*Input data*:
_ _ _ _ _ _ _

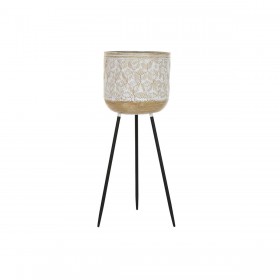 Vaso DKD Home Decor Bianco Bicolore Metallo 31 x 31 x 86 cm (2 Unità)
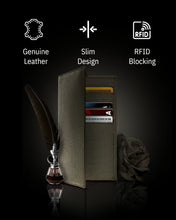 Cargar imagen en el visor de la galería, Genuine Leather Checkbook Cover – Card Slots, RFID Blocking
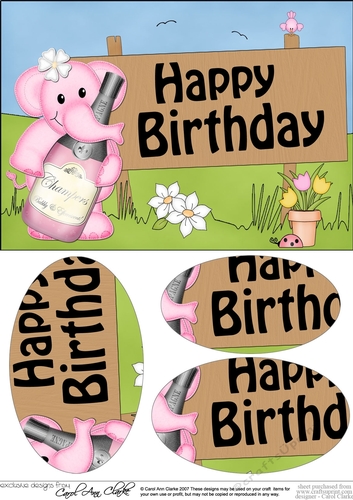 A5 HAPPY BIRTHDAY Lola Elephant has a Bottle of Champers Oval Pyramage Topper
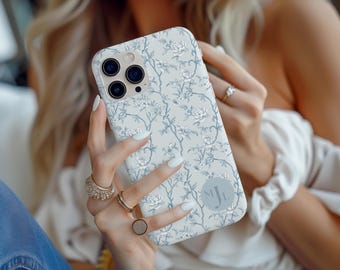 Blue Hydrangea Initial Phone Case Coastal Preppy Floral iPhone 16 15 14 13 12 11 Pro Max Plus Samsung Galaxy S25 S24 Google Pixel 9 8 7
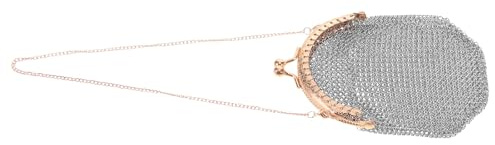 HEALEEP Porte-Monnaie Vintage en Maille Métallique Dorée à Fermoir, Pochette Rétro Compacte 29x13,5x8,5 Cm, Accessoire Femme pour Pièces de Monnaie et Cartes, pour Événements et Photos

_ _ _ _ _ _ _

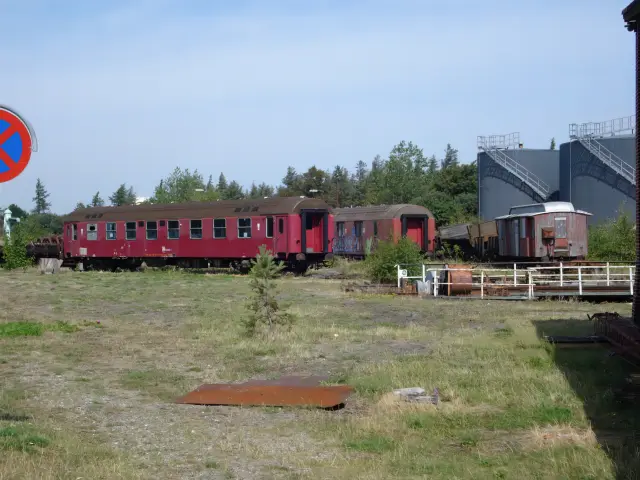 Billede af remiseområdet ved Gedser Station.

_ _ _ _ _ _ _

With pictures omitted, repeat the entries above word for word from the line holding "A5 HAPPY BIRTHDAY" down to the line holding "HEALEEP Porte-Monnaie Vintage", keeping both of those lines.

*Result of the exercise*:
 A5 HAPPY BIRTHDAY Lola Elephant has a Bottle of Champers Oval Pyramage Topper
 Blue Hydrangea Initial Phone Case Coastal Preppy Floral iPhone 16 15 14 13 12 11 Pro Max Plus Samsung Galaxy S25 S24 Google Pixel 9 8 7
 HEALEEP Porte-Monnaie Vintage en Maille Métallique Dorée à Fermoir, Pochette Rétro Compacte 29x13,5x8,5 Cm, Accessoire Femme pour Pièces de Monnaie et Cartes, pour Événements et Photos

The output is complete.